## Your instructions
Within the entries below, output exactly the lines between the line containing "Building Photo - Newly" and the line containing "Conmemoran paramédicos su", inclusive, and omit any picture.
START Data extracts
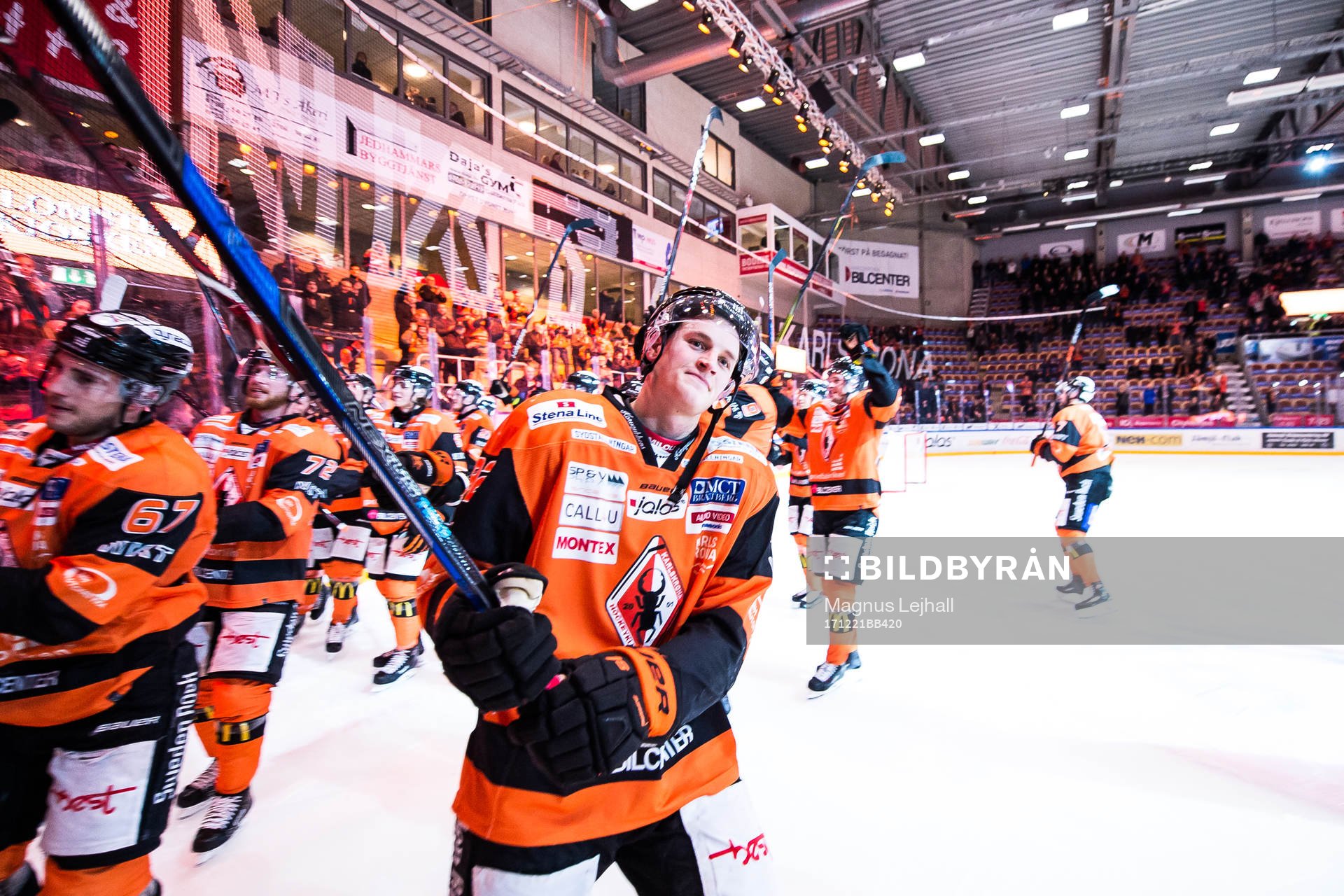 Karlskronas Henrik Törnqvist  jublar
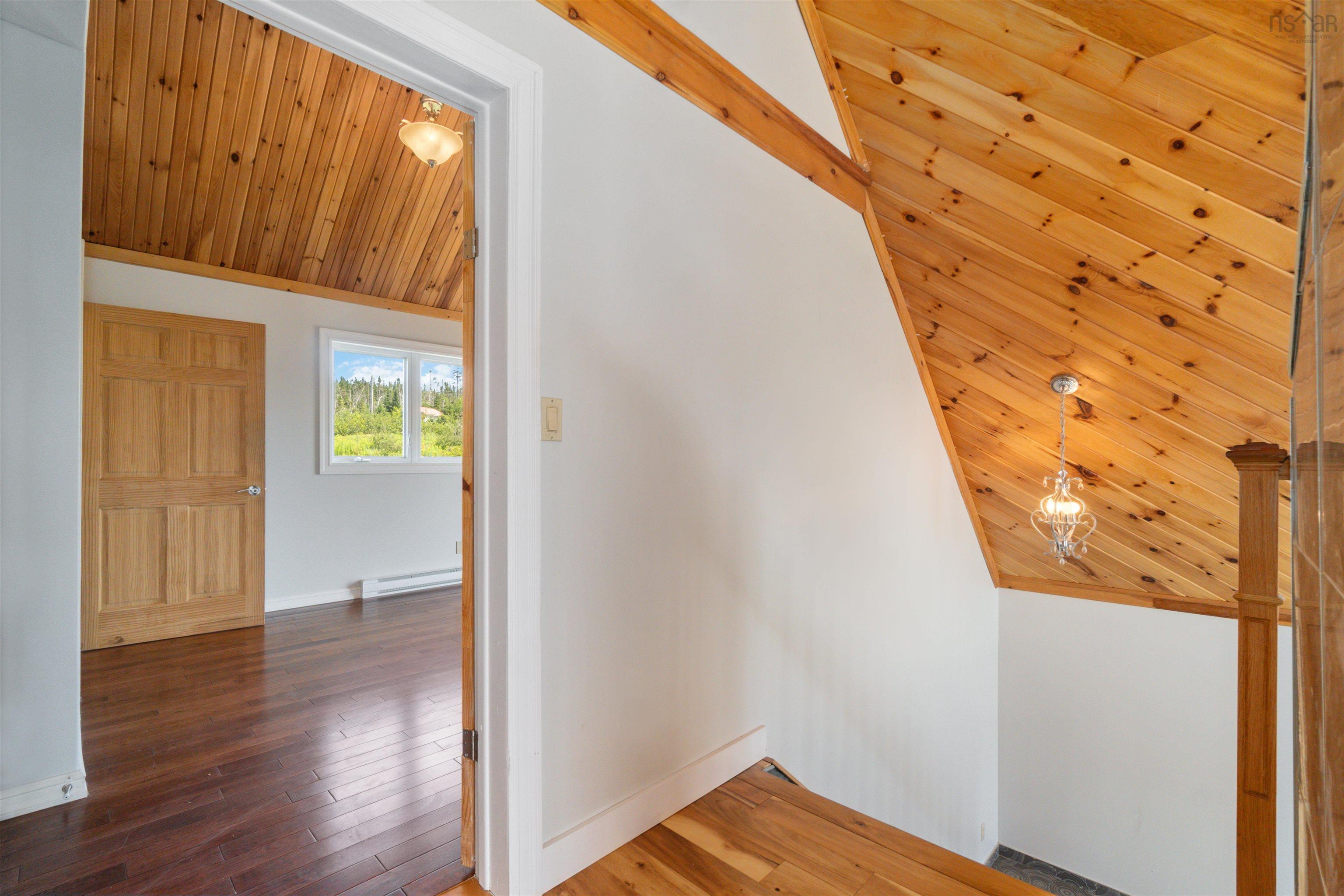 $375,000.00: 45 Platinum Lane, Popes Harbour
END Data extracts
START Data extracts
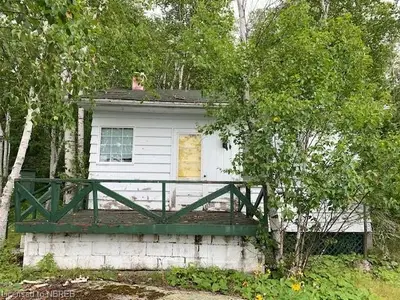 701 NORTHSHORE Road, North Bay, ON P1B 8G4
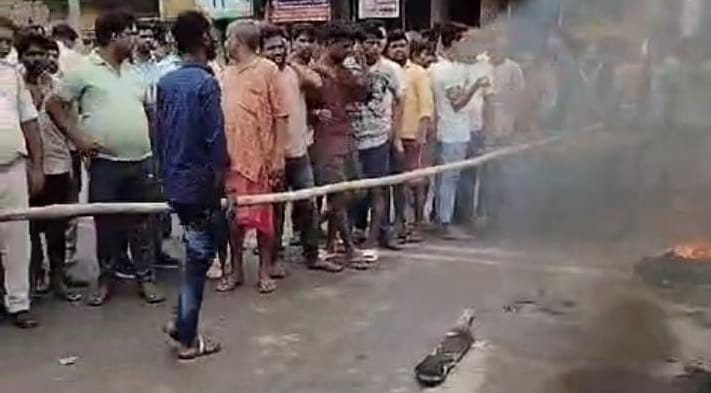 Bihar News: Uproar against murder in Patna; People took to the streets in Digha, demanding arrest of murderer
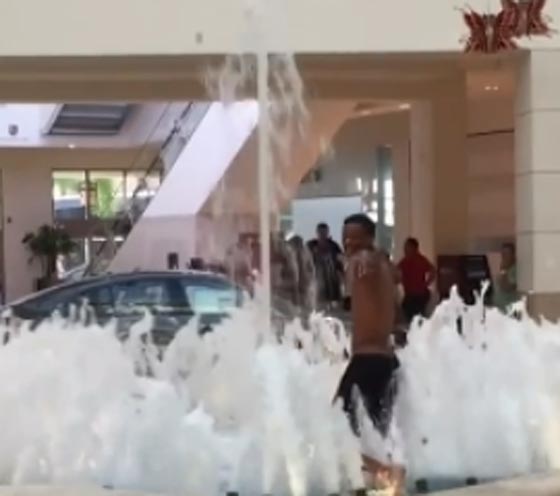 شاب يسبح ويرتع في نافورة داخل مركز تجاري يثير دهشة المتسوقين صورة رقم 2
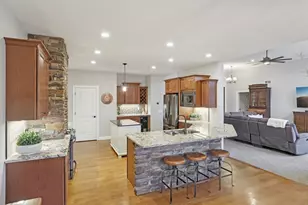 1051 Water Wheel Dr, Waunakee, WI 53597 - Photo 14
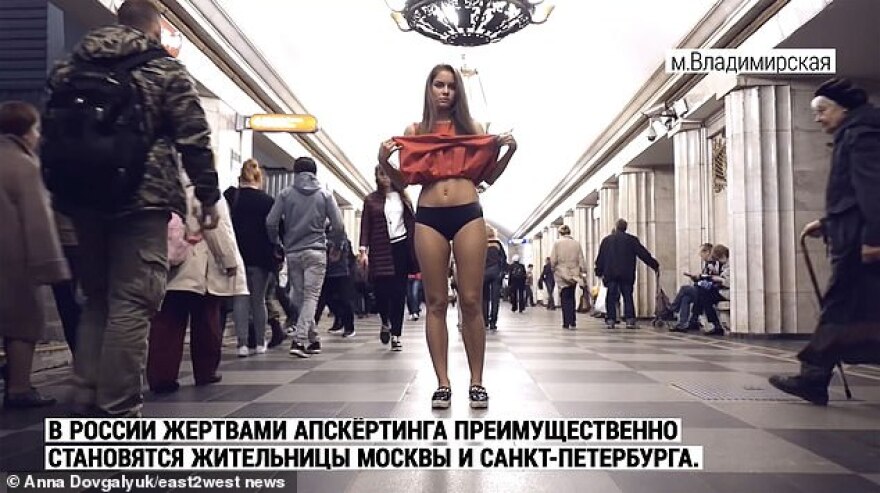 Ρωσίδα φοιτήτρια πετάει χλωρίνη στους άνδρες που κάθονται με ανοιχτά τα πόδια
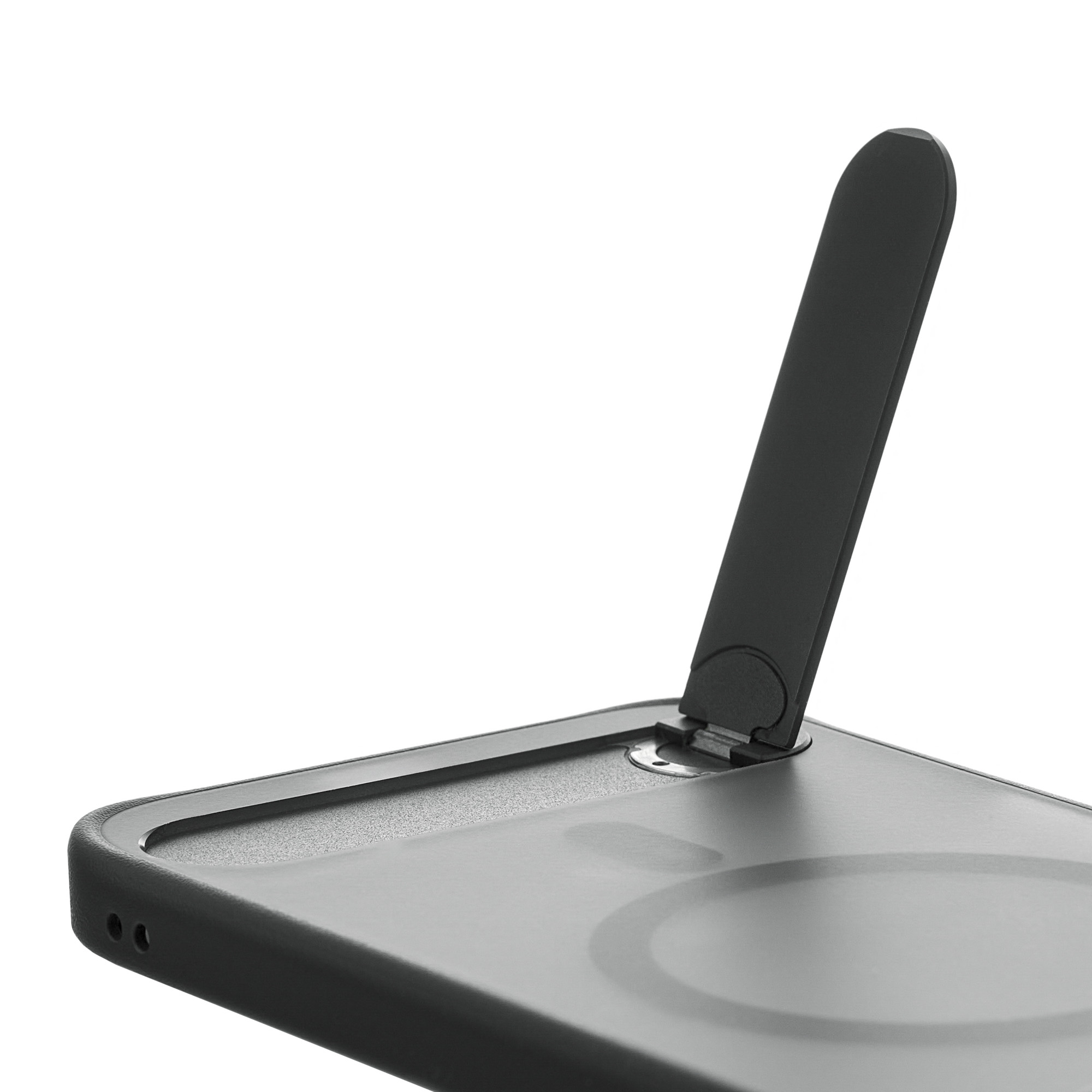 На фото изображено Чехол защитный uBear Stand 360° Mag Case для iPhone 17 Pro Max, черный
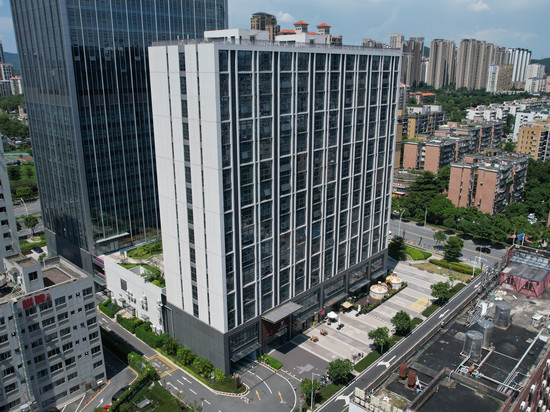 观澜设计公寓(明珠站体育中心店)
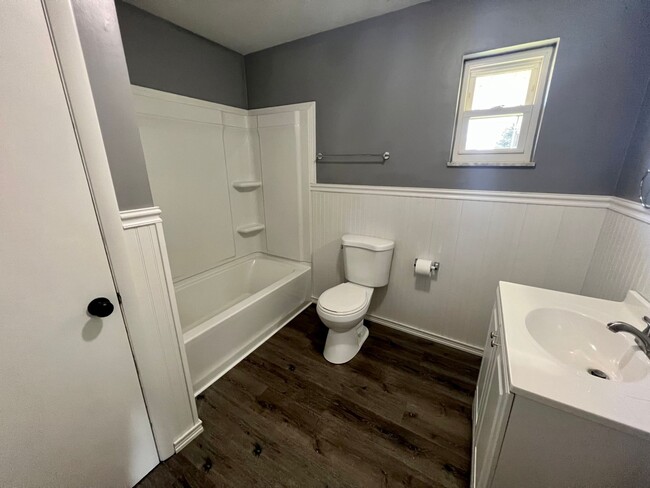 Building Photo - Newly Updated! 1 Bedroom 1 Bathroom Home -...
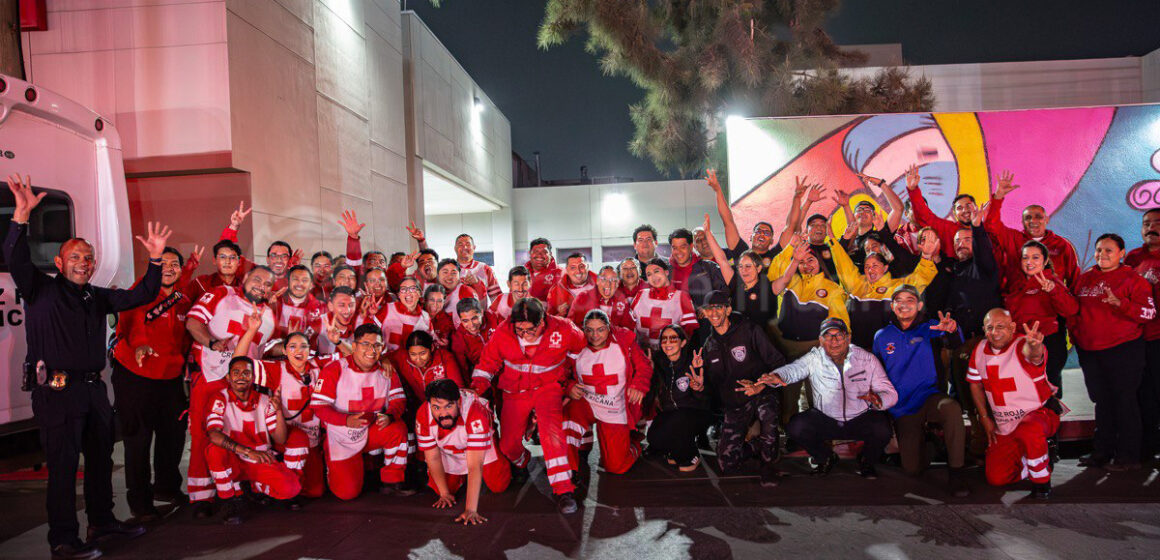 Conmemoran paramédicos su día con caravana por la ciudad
END Data extracts
## Written solution
 Building Photo - Newly Updated! 1 Bedroom 1 Bathroom Home -...
 Conmemoran paramédicos su día con caravana por la ciudad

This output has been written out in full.